--- Required action ---
Without including any images, repeat the data exactly.

##########

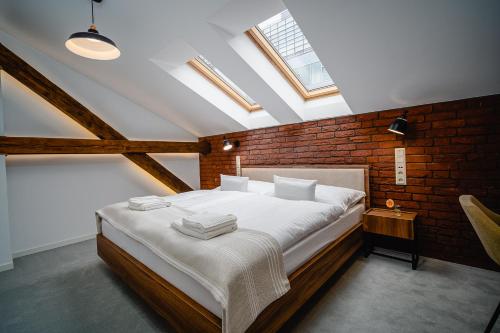 מיטה או מיטות בחדר ב-Garni Hotel DOCK Bratislava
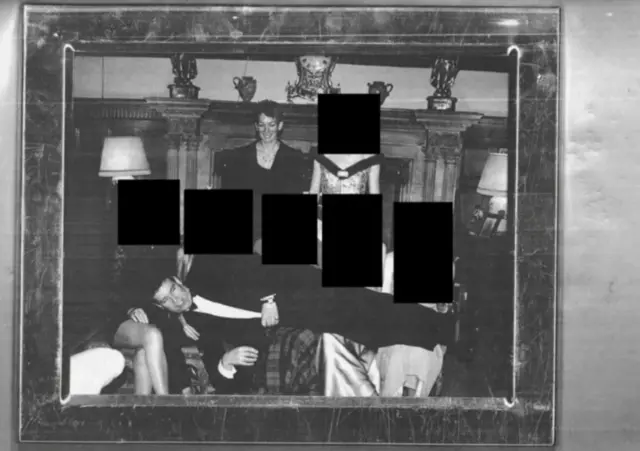 Uma imagem em preto e branco mostrando Andrew deitado no colo de mulheres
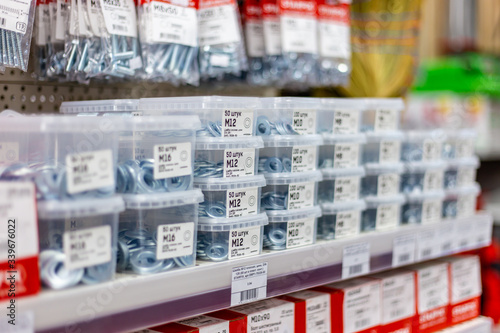 in a large hardware store, a department of screws and nails in a display case Belarus, Minsk, April 11, 2020.
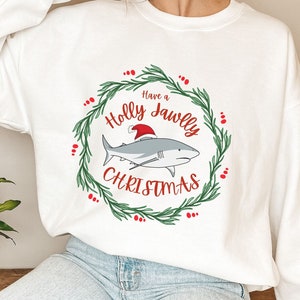 Puede incluir: Sudadera blanca con un dise&ntilde;o de corona de acebo verde con un tibur&oacute;n que lleva un gorro de Pap&aacute; Noel. El texto dice "Have a Holly Jawlly Christmas".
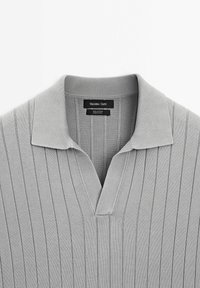 Gray cotton polo shirt featuring a flat collar, v-neck design, and vertical ribbed texture. Label reads "Massimo Dutti."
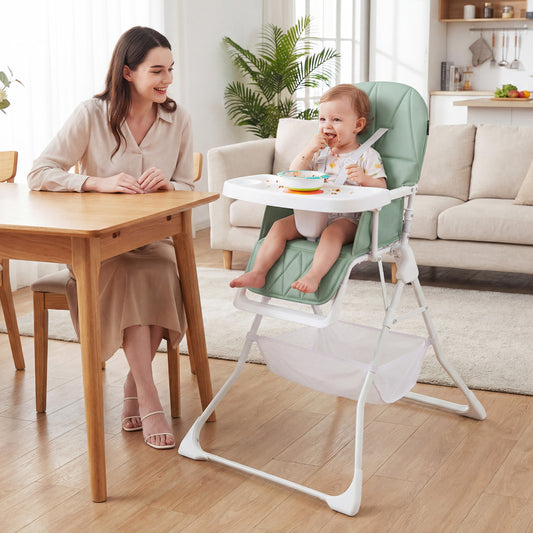 A woman and a baby sit at a table with the green high chair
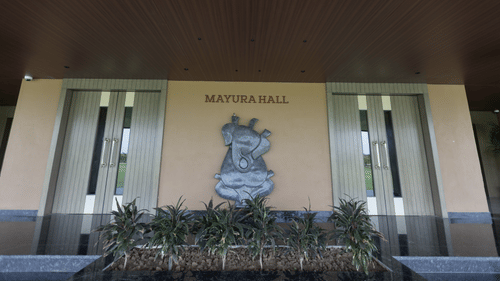 The entrance of Mertura Hall at Pride Resort, Jodhpur, featuring a decorative emblem and flanked by glass doors.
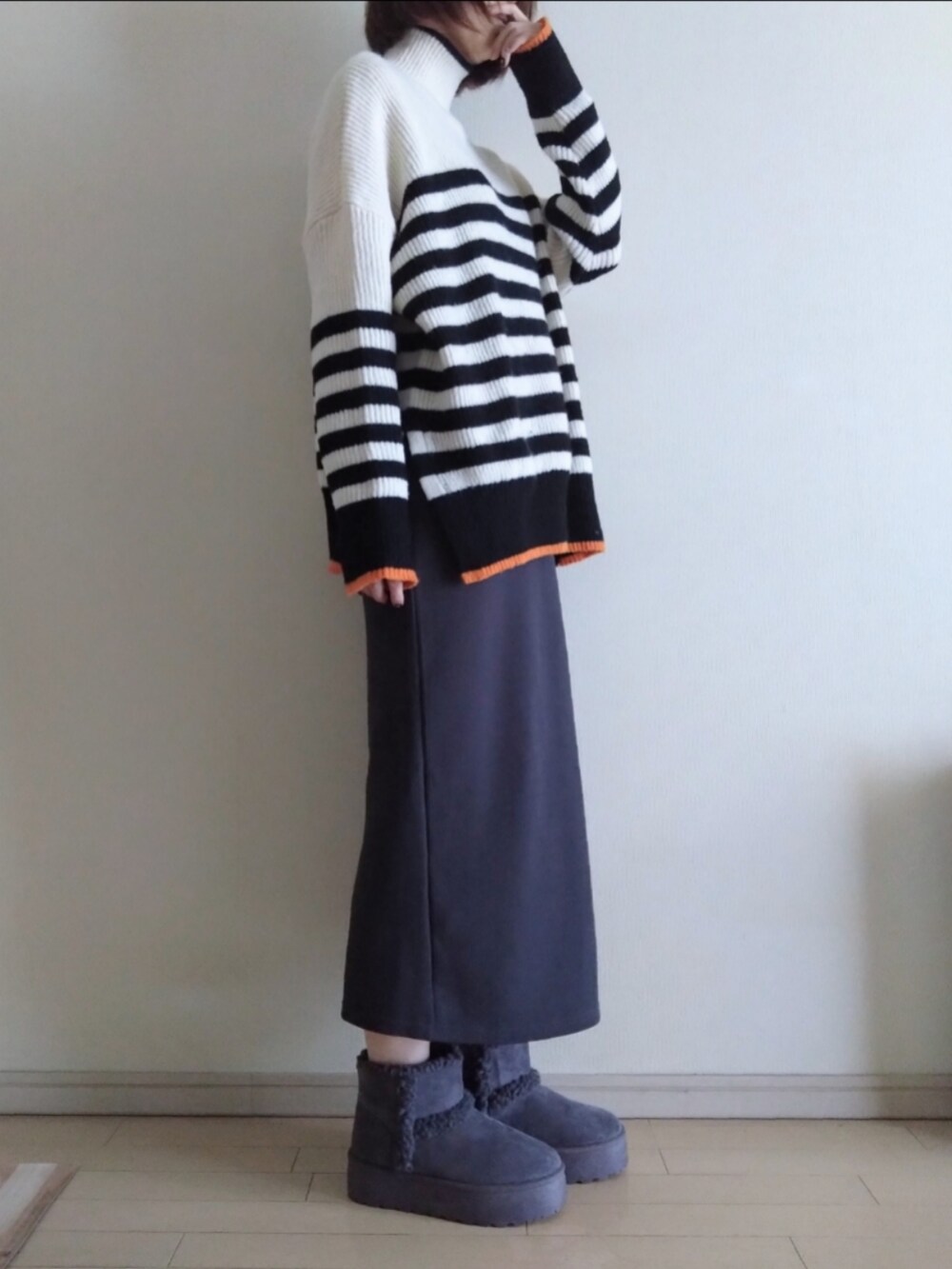 ブルー系のデニムジャケット、ホワイト系のニット/セーター、グレー系のスカートを着用したレディースの冬コーディネートの3枚目の写真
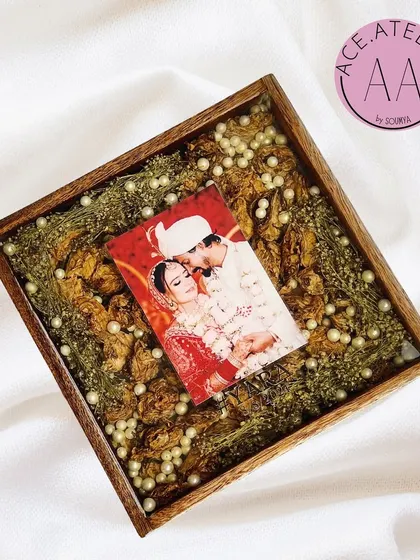 Your wedding photo and varmala, together forever. This square teakwood frame holds a couple's picture surrounded by their preserved wedding flowers and delicate pearls, capturing the essence of their day.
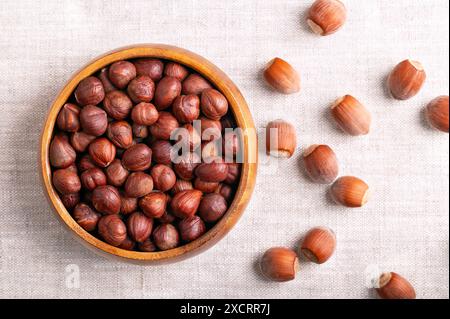 Haselnüsse in einer hölzernen Schüssel auf Leinenstoff. Ganze, getrocknete und geschälte Nüsse von Corylus avellana. Verzehrfertig als Snack und auch zum Backen. Stockfoto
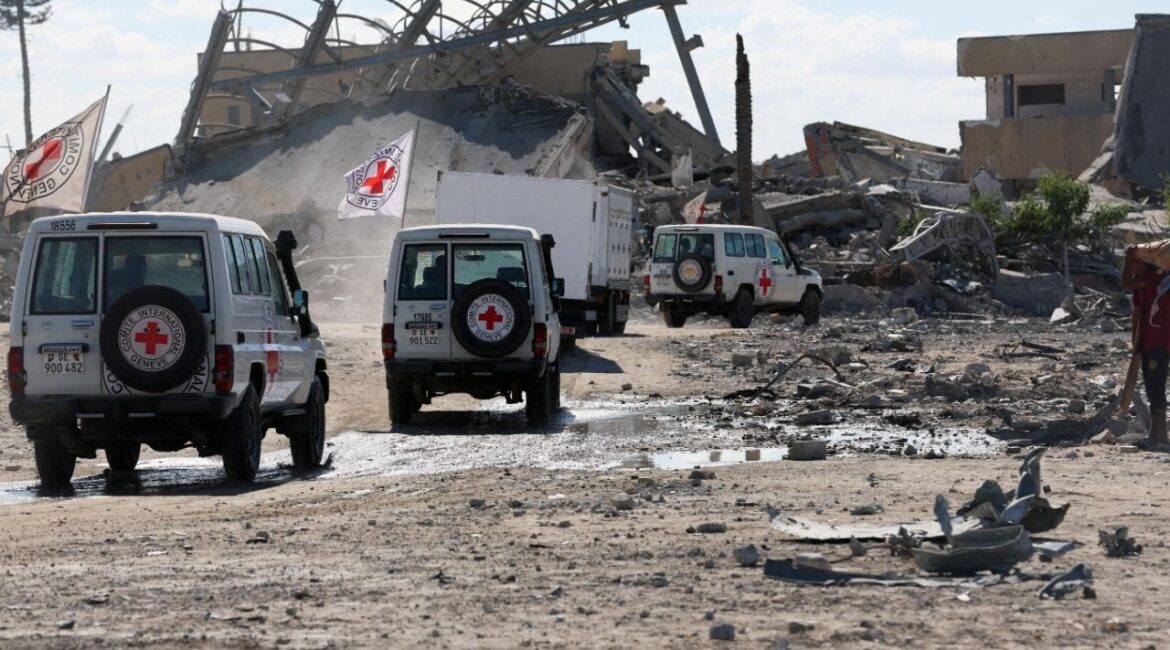 Red Cross vehicles escort a truck transporting the bodies of Palestinians who had been held in Israel during the war, amid a ceasefire between Israel and Hamas, in Khan Younis in the southern Gaza Strip, October 14, 2025 (Reuters/Ramadan Abed)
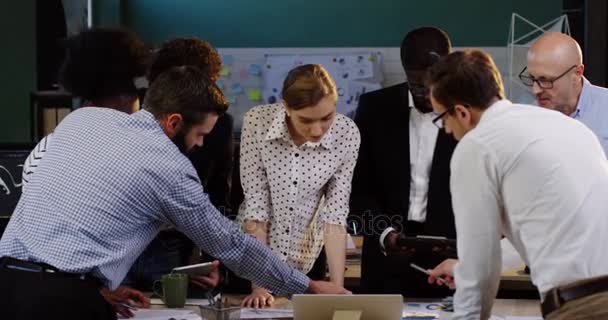 Equipo de carreras mixtas de compañeros de trabajo apoyados en una mesa de conferencias mientras consultan sobre su proyecto empresarial y sus planes financieros. Dentro de la oficina urbana — Vídeos de Stock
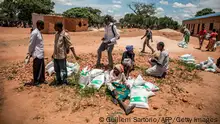 A group of people chats after receiving food donated by the World Food Programme (WFP) and World Vision in Simumbwe on January 22, 2020. - Funding is desperately needed to meet the needs of the 2.3 million severely food insecure people in Zambia. (Photo by Guillem Sartorio / AFP) (Photo by GUILLEM SARTORIO/AFP via Getty Images)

##########

--- Written response ---
 מיטה או מיטות בחדר ב-Garni Hotel DOCK Bratislava
 Uma imagem em preto e branco mostrando Andrew deitado no colo de mulheres
 in a large hardware store, a department of screws and nails in a display case Belarus, Minsk, April 11, 2020.
 Puede incluir: Sudadera blanca con un dise&ntilde;o de corona de acebo verde con un tibur&oacute;n que lleva un gorro de Pap&aacute; Noel. El texto dice "Have a Holly Jawlly Christmas".
 Gray cotton polo shirt featuring a flat collar, v-neck design, and vertical ribbed texture. Label reads "Massimo Dutti."
 A woman and a baby sit at a table with the green high chair
 The entrance of Mertura Hall at Pride Resort, Jodhpur, featuring a decorative emblem and flanked by glass doors.
 ブルー系のデニムジャケット、ホワイト系のニット/セーター、グレー系のスカートを着用したレディースの冬コーディネートの3枚目の写真
 Your wedding photo and varmala, together forever. This square teakwood frame holds a couple's picture surrounded by their preserved wedding flowers and delicate pearls, capturing the essence of their day.
 Haselnüsse in einer hölzernen Schüssel auf Leinenstoff. Ganze, getrocknete und geschälte Nüsse von Corylus avellana. Verzehrfertig als Snack und auch zum Backen. Stockfoto
 Red Cross vehicles escort a truck transporting the bodies of Palestinians who had been held in Israel during the war, amid a ceasefire between Israel and Hamas, in Khan Younis in the southern Gaza Strip, October 14, 2025 (Reuters/Ramadan Abed)
 Equipo de carreras mixtas de compañeros de trabajo apoyados en una mesa de conferencias mientras consultan sobre su proyecto empresarial y sus planes financieros. Dentro de la oficina urbana — Vídeos de Stock
 A group of people chats after receiving food donated by the World Food Programme (WFP) and World Vision in Simumbwe on January 22, 2020. - Funding is desperately needed to meet the needs of the 2.3 million severely food insecure people in Zambia. (Photo by Guillem Sartorio / AFP) (Photo by GUILLEM SARTORIO/AFP via Getty Images)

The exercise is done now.